What is expected:
Print the data below verbatim, minus images.

Data to examine:
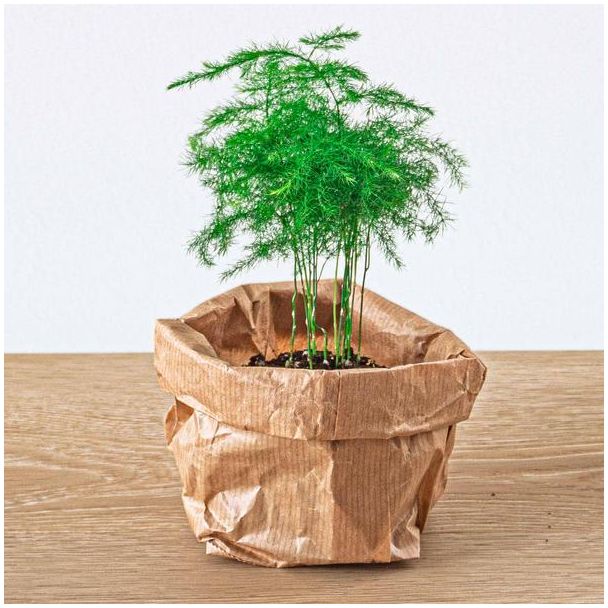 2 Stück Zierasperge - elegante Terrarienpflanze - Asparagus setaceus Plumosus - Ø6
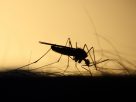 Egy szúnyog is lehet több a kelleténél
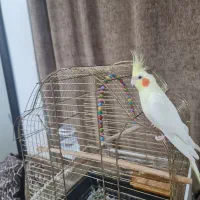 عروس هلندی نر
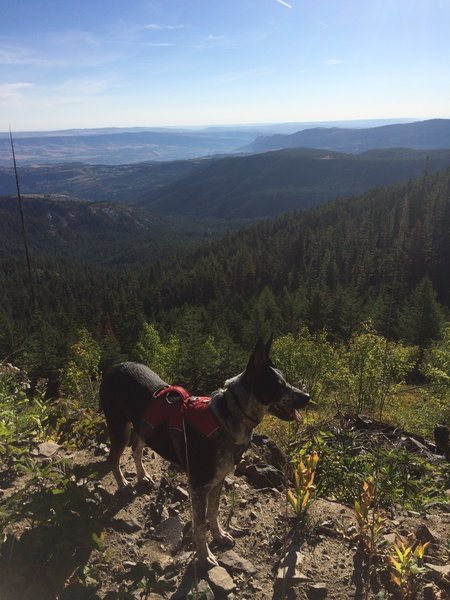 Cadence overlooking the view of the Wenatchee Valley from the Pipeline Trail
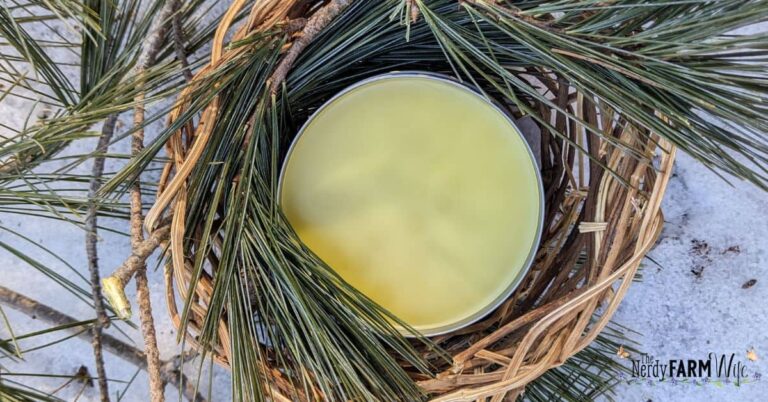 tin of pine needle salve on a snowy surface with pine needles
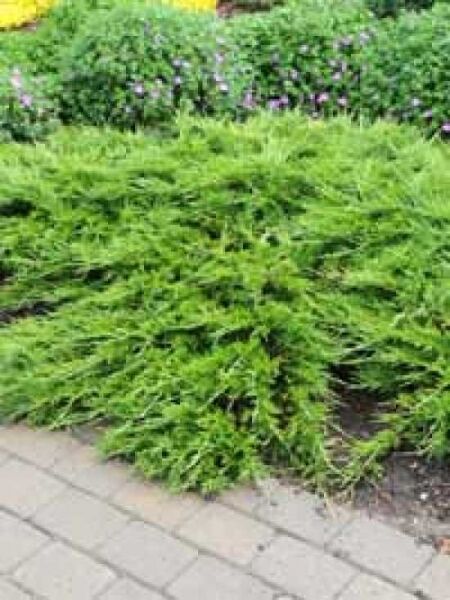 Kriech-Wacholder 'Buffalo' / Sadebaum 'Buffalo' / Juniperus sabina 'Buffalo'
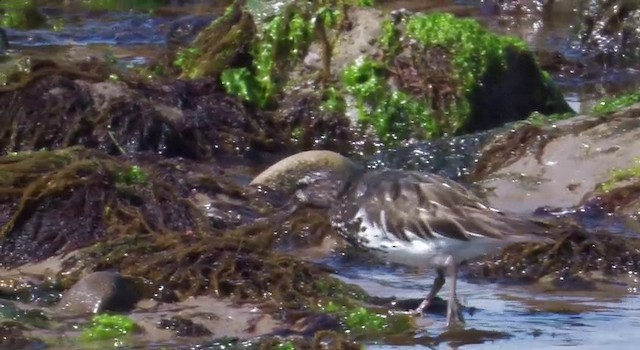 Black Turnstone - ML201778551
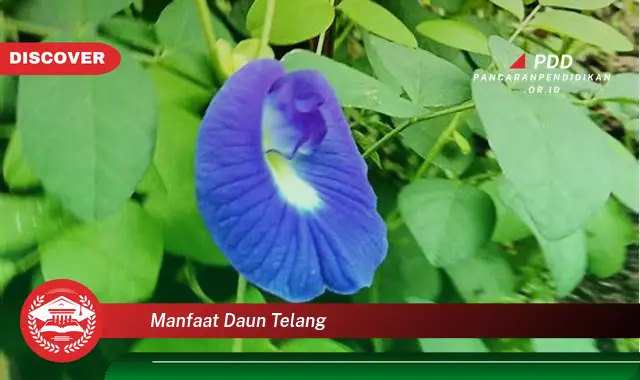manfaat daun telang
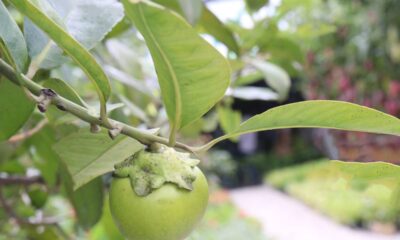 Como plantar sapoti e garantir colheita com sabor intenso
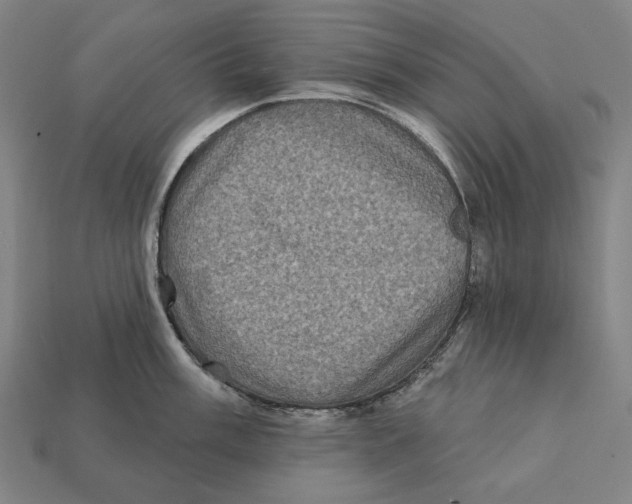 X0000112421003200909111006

Output:
 2 Stück Zierasperge - elegante Terrarienpflanze - Asparagus setaceus Plumosus - Ø6
 Egy szúnyog is lehet több a kelleténél
 عروس هلندی نر
 Cadence overlooking the view of the Wenatchee Valley from the Pipeline Trail
 tin of pine needle salve on a snowy surface with pine needles
 Kriech-Wacholder 'Buffalo' / Sadebaum 'Buffalo' / Juniperus sabina 'Buffalo'
 Black Turnstone - ML201778551
manfaat daun telang
 Como plantar sapoti e garantir colheita com sabor intenso
 X0000112421003200909111006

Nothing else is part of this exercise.